ブナの森は、スポンジのような、と言われます。素晴らしい保水力を持つ森です。用材に適さないブナは切られてパルプとなって私達の役に立ったのです、間伐のあとには杉や唐松が植えられました。

一度切ると、ひこばえの出ない木ですから、絶えてしまいます。実生も硬い土では育ちません。こうして、かつては日本全国にあったブナの森はどんどん減りました。

庭つくりは5年先を考えてと言うけれど、森は100年200年・・・・・。気の遠くなるような時間に育まれているのですね。

ブナの実 ブナの実です。柔らかいトゲ状の殻斗(かくと)に包まれています。
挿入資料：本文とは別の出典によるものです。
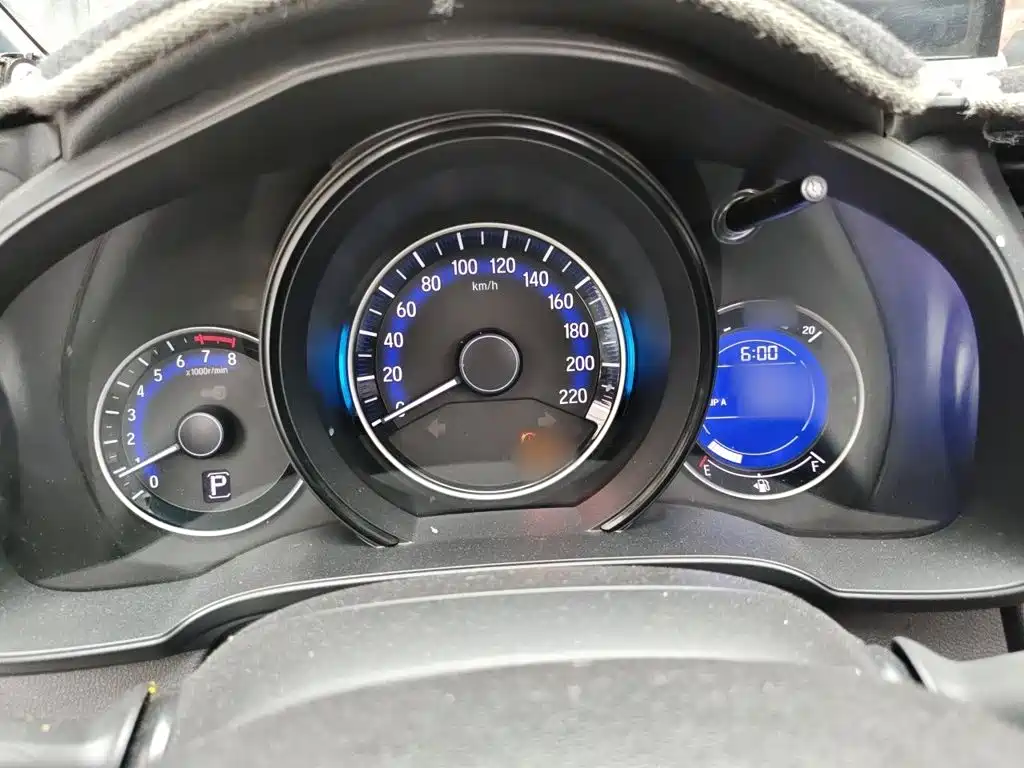 Fit 1.5 L LXS CVT Comfort Sunroof
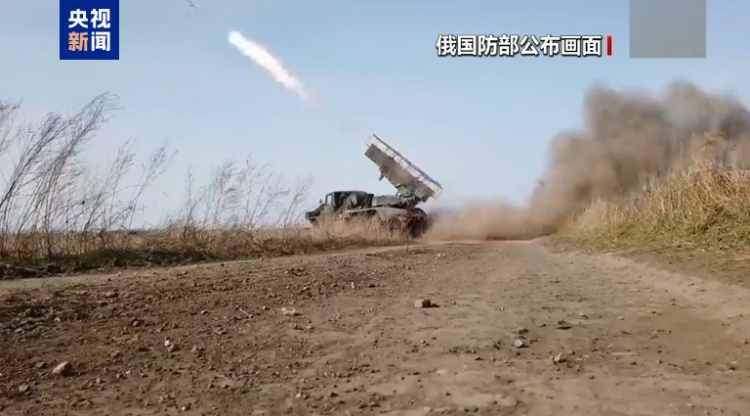 俄称控制苏梅一定居点 乌称击退俄进攻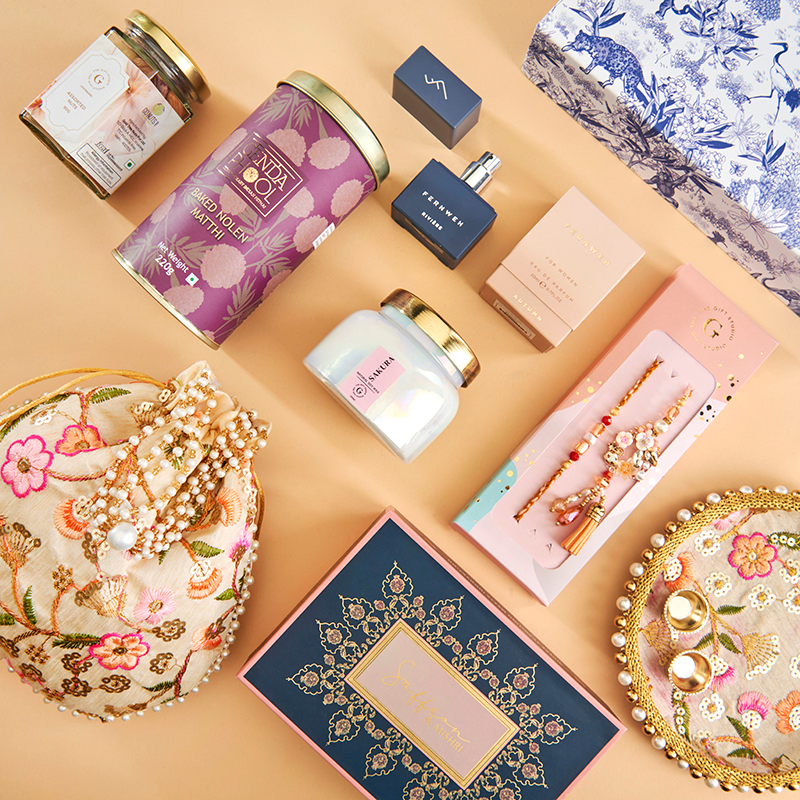 Aromatic Affection Bhaiya-Bhabhi Rakhi Hamper_The Gift Studio
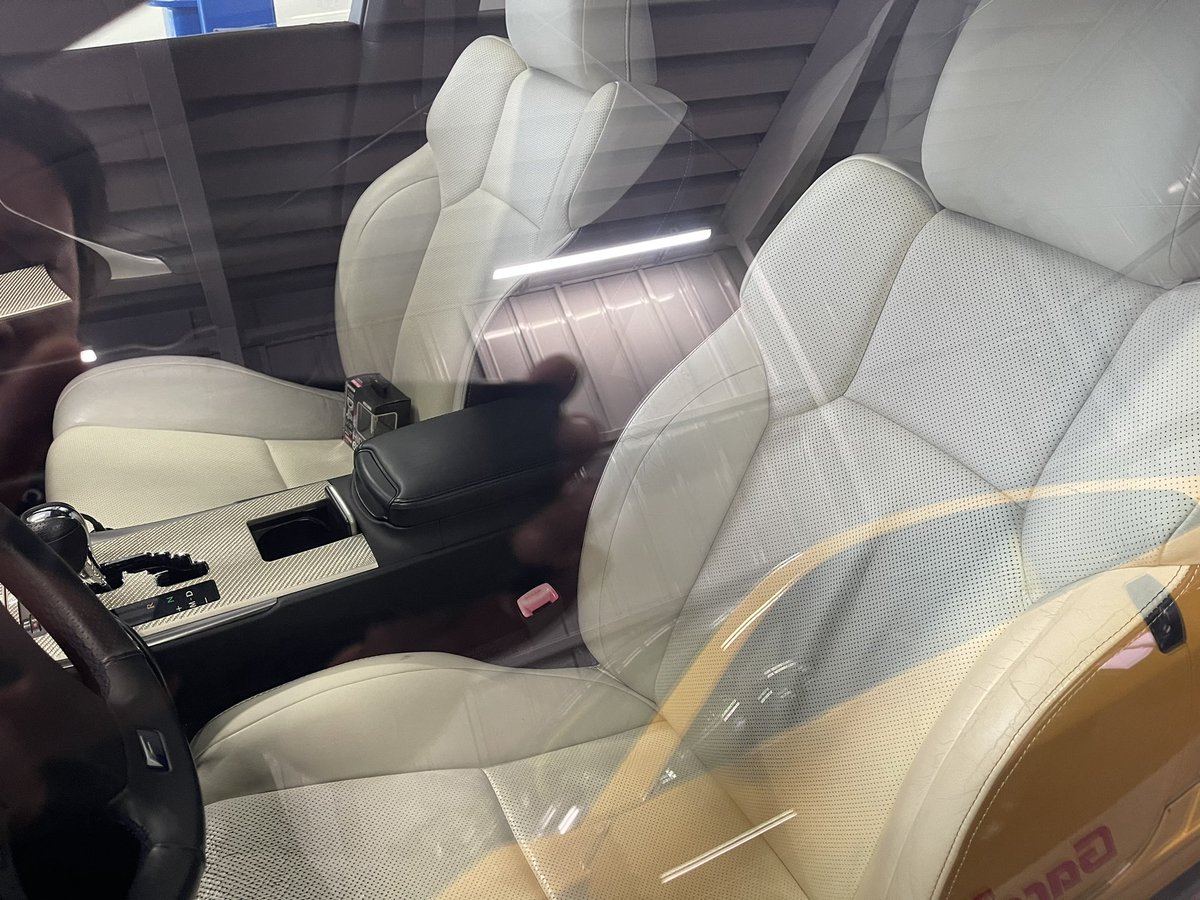 realterbase98's tweet photo. 緩募
欲しい人いる？🤔

IS-F 左ハンドル
サンルーフ　白レザー
BBS LM 19インチ　HKS車高調 https://t.co/QJnZpeSfoV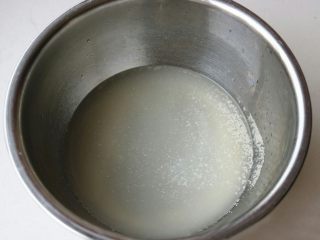 1、法棍,水，盐，酵母混合均匀。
中の実は2つで、形は蕎麦の実のような三角錐です。

実には脂肪や蛋白質が多く、動物たちの大切な食料です。特に野ねずみの好物なのだそうです。

実のなるサイクルは条件にもよりますが、だいたい5〜6年に一度。

ブナの木の下で落ち葉を掻き分けて、実を探します。宝物探しのようで楽しい!ブナの木の下は本当にふかふか。
鳥の声がする、いいお天気で背中がポカポカ、風がおいしい。いつのまにか赤ワインの残党も消え、体が浄化されるようでした。

ヒガラ 森では鳥たちもちゃんと棲み分けます。これは望遠で撮ったヒガラ。高いところに住んでいます。我が家に時々来るシジュウカラはもう少し低いところに。もっと低い笹のようなところに住んでいる鳥は、たとえばコルリなのだそうです。

他にも秋の実、オブジェがたくさん。

ヤマブドウ ナギナタコウジュ ?
山葡萄 ナギナタコウジュ とてもいい香りがします 白い綿毛が枯れ木に花の咲いたよう

丁寧に説明してくださったボランティアのみなさん、ありがとうございました。何も知らずにする山歩きも楽しいけれど、色々の事がお勉強できて、帰る頃には頭すっきり、大変充実した、酔い覚ましのひとときでした。